- **Exercise aim**: Leave the pictures aside and copy all the data exactly.

Scraped caption text data:
※
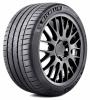 Anvelope MICHELIN - 275/40 R21 PILOT SPORT 4 SUV - 107 XL Y - Anvelope VARA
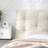 Rainha® - Classic Tufted College Headboard-114127868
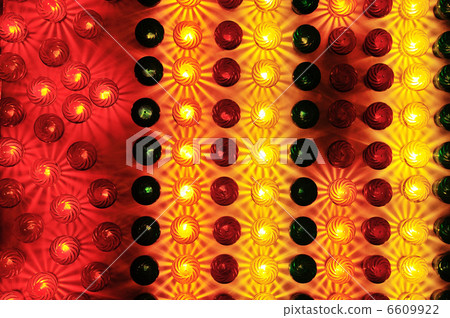 light show background light show background 6609922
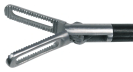 FORCEPS / GRASPERS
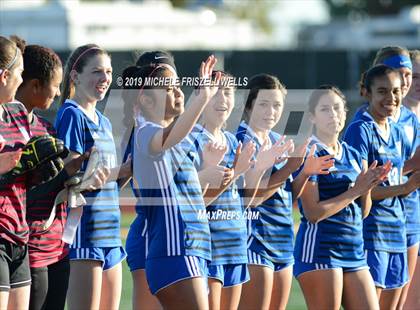 Thumbnail 3 in  Eastlake vs. Steele Canyon (CIF SDS D1) photogallery.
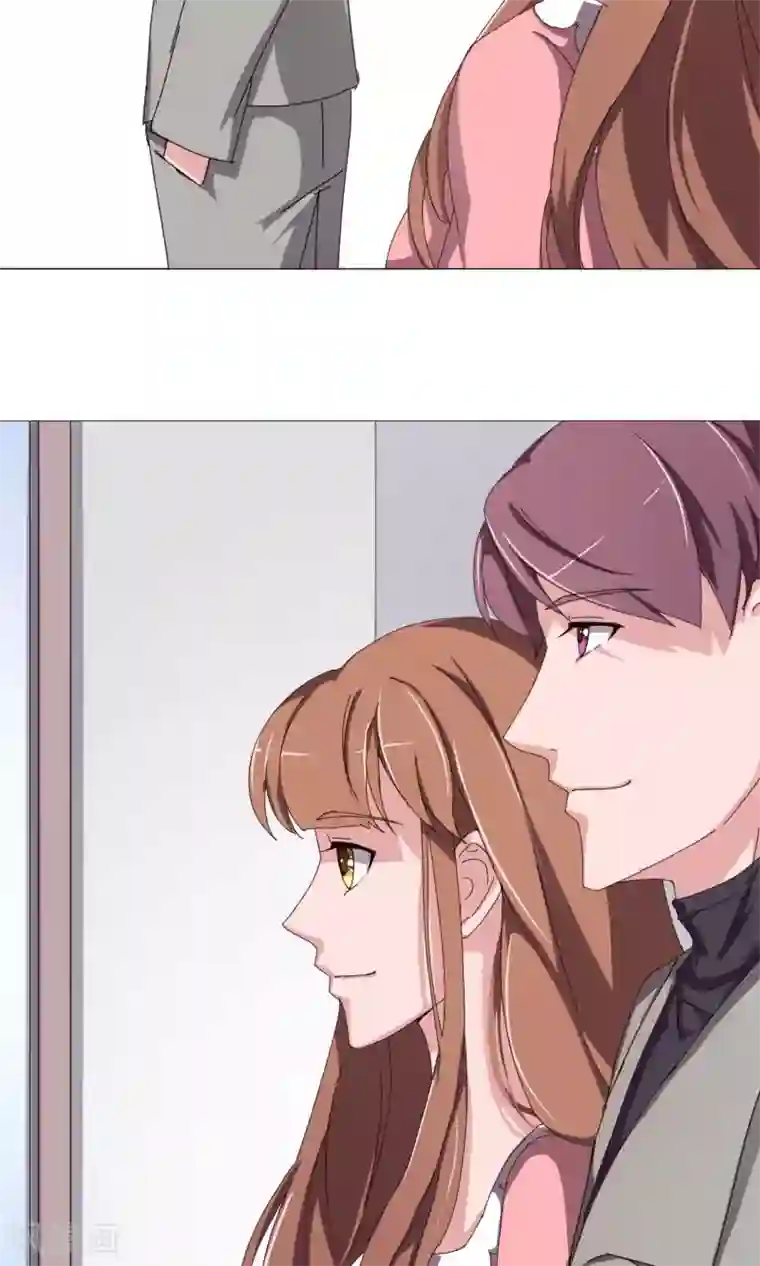 替身名模第15话 见家长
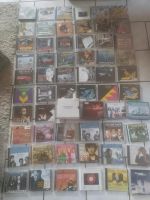 CDs und Schallplatten Nordrhein-Westfalen - Mönchengladbach Vorschau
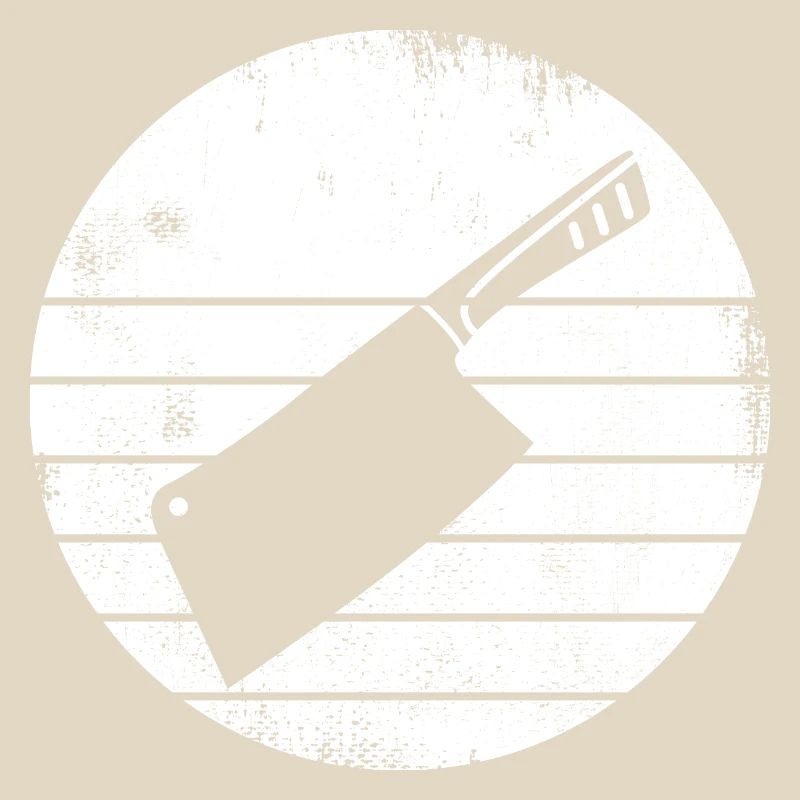 Hackmesser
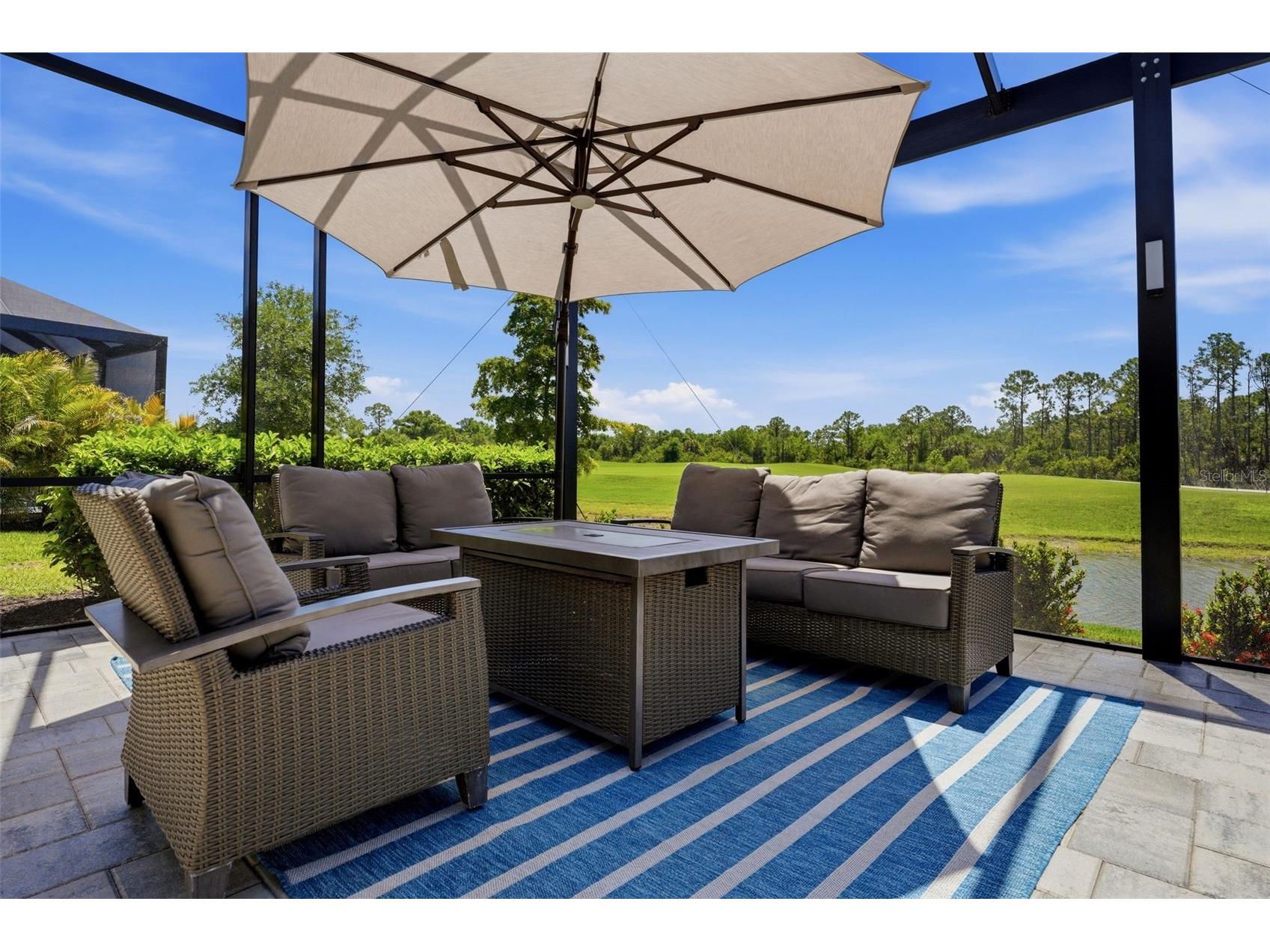 12299 Wellen Golf Street Venice FL 34293 N6143931 image47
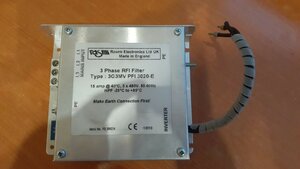 3-фазный входной фильтр ЭМС для инверторов OMRON RASMI 3G3MV PFI 3020-E (1344 просмотра) <a class='original' href='./download/file.php?id=187623&mode=view' target=_blank>Загрузить оригинал (92.89 КБ)</a>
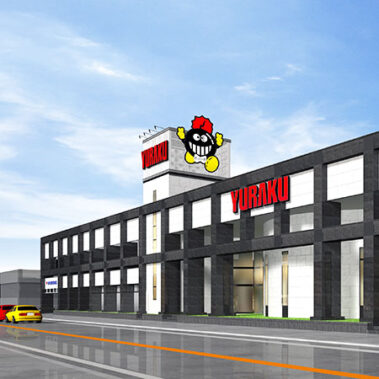 2022.09.20_shinden_blog_9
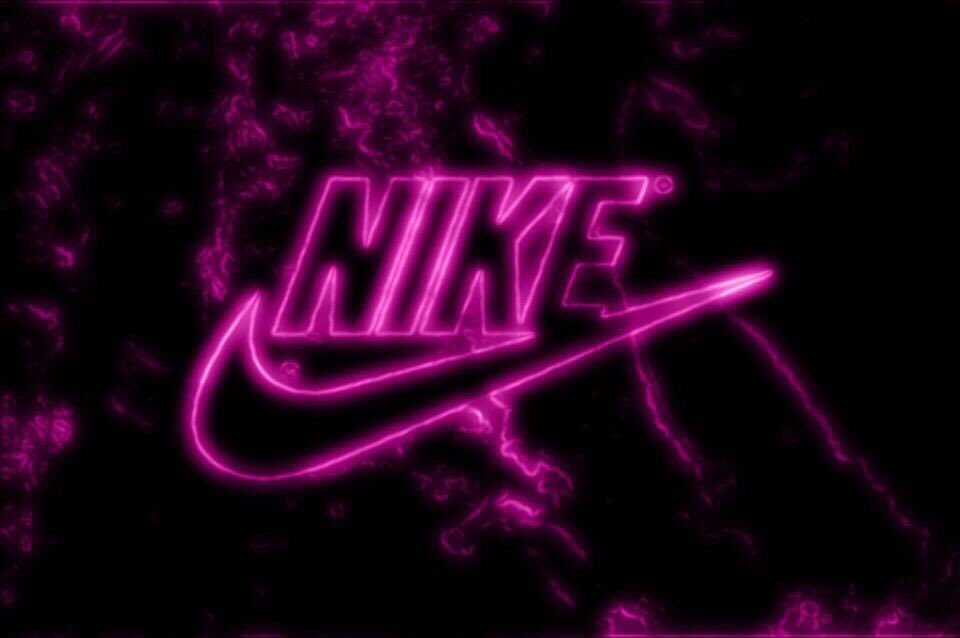 Nikeかっこいい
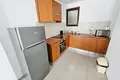Mieszkanie 2 pokoi 96 m² Kosharitsa, Bułgaria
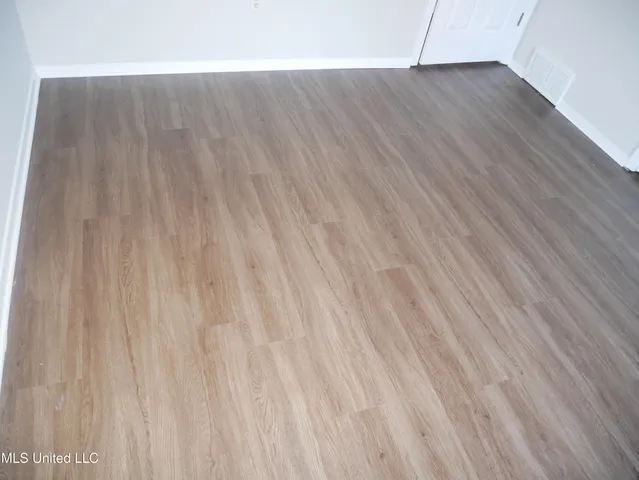 $1,495 | 6530 Jamestown Drive, Horn Lake, MS 38637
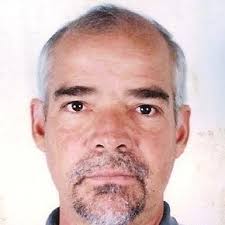 Propulsez votre carrière chez Bombardier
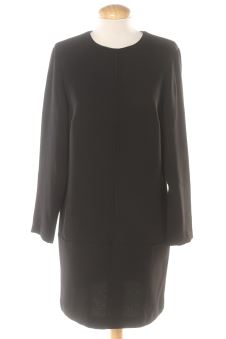 Vestito casual S MANGO SuiT, foto 1 di 2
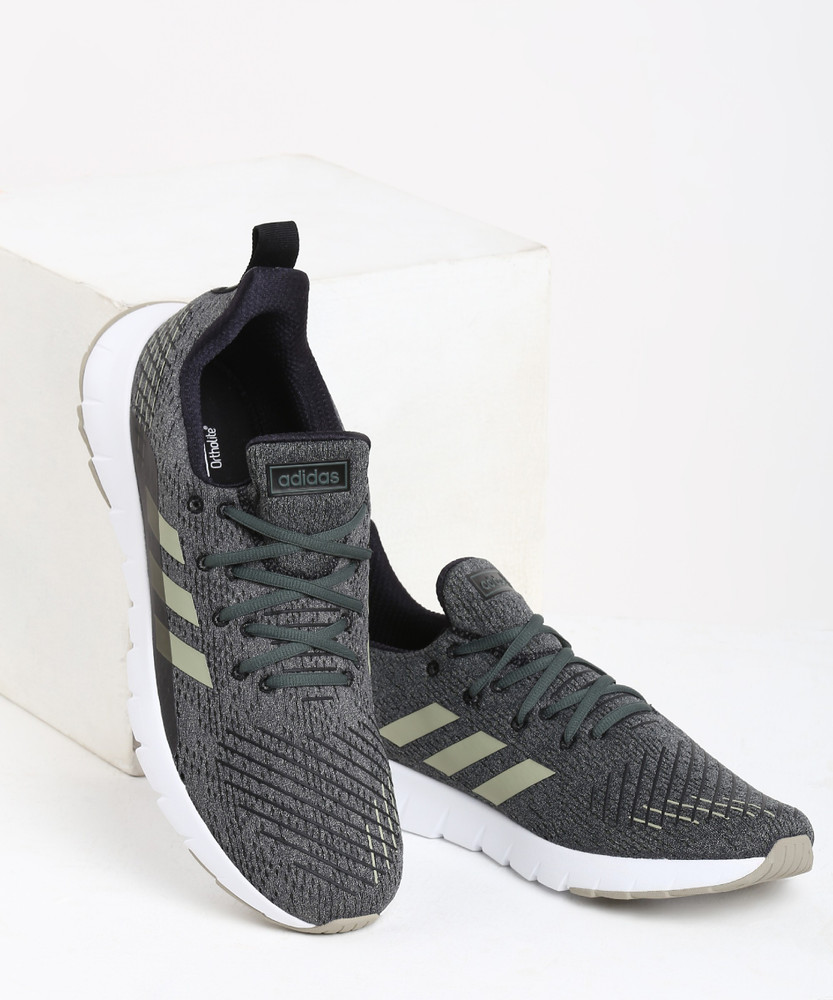 adidas f35652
※
- **Solution to the exercise**:
 Anvelope MICHELIN - 275/40 R21 PILOT SPORT 4 SUV - 107 XL Y - Anvelope VARA
 Rainha® - Classic Tufted College Headboard-114127868
 light show background light show background 6609922
 FORCEPS / GRASPERS
 Thumbnail 3 in  Eastlake vs. Steele Canyon (CIF SDS D1) photogallery.
 替身名模第15话 见家长
 CDs und Schallplatten Nordrhein-Westfalen - Mönchengladbach Vorschau
 Hackmesser
 12299 Wellen Golf Street Venice FL 34293 N6143931 image47
 3-фазный входной фильтр ЭМС для инверторов OMRON RASMI 3G3MV PFI 3020-E (1344 просмотра) <a class='original' href='./download/file.php?id=187623&mode=view' target=_blank>Загрузить оригинал (92.89 КБ)</a>
 2022.09.20_shinden_blog_9
 Nikeかっこいい
Mieszkanie 2 pokoi 96 m² Kosharitsa, Bułgaria
 $1,495 | 6530 Jamestown Drive, Horn Lake, MS 38637
 Propulsez votre carrière chez Bombardier
 Vestito casual S MANGO SuiT, foto 1 di 2
 adidas f35652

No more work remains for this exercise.